What type of electrode is used in TIG welding?

To maintain a constant and compact form of the welding arc, tungsten electrodes that will be used for mechanised or automatic welding should be prepared with a tapered end. The diameter of the electrode, the grinding angle "A" and the diameter "M" of the flattened tip depend on the weld current intensity. Learn more about TIG electrodes here.

What gas is used for orbital welding?

Orbital welding requires specialised mixtures of gas so that the process is able to achieve the smooth results you want. Depending on the application, usually 100% argon gas is used for welding most materials through orbital welding where exotic alloys are frequently welded through a mixture of 95% argon gas and 5% hydrogen.

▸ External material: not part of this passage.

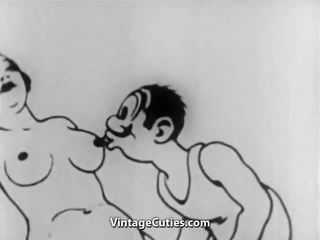 Груб секс в а див карикатура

What are the 5 main types of welding?

There are 5 main types of welding. MIG – Gas Metal Arc Welding (GMAW), Tungsten Inert Gas (TIG) also known as Gas Tungsten Arc Welding (GTAW), Stick – Shielded Metal Arc Welding (SMAW), Flux-cored – Flux-cored Arc Welding (FCAW) and Plasma Arc Welding (PAW). Polysoude focuses since 1961 on TIG welding and is an expert in Plasma Arc Welding for over 25 years.

Is orbital welding automatic?

Since the process is fully automated with rotative motors and controllers as well as with a Smart Welding Station (power source), orbital welding is perfect to produce large quantities of welds because of its repeatability and convenient ergonomics. A combination of semi-automatic and mechanised machines may be used in other applications, called automated welding.

Which welding is strongest?

TIG welding produces clean and precise welds if compared to MIG welding or other Arc welding methods, making TIG welding the strongest. That said, different welding jobs may require different methods, while TIG is generally stronger and higher in quality, you should use another method if the project calls for it, like manual tacking for example.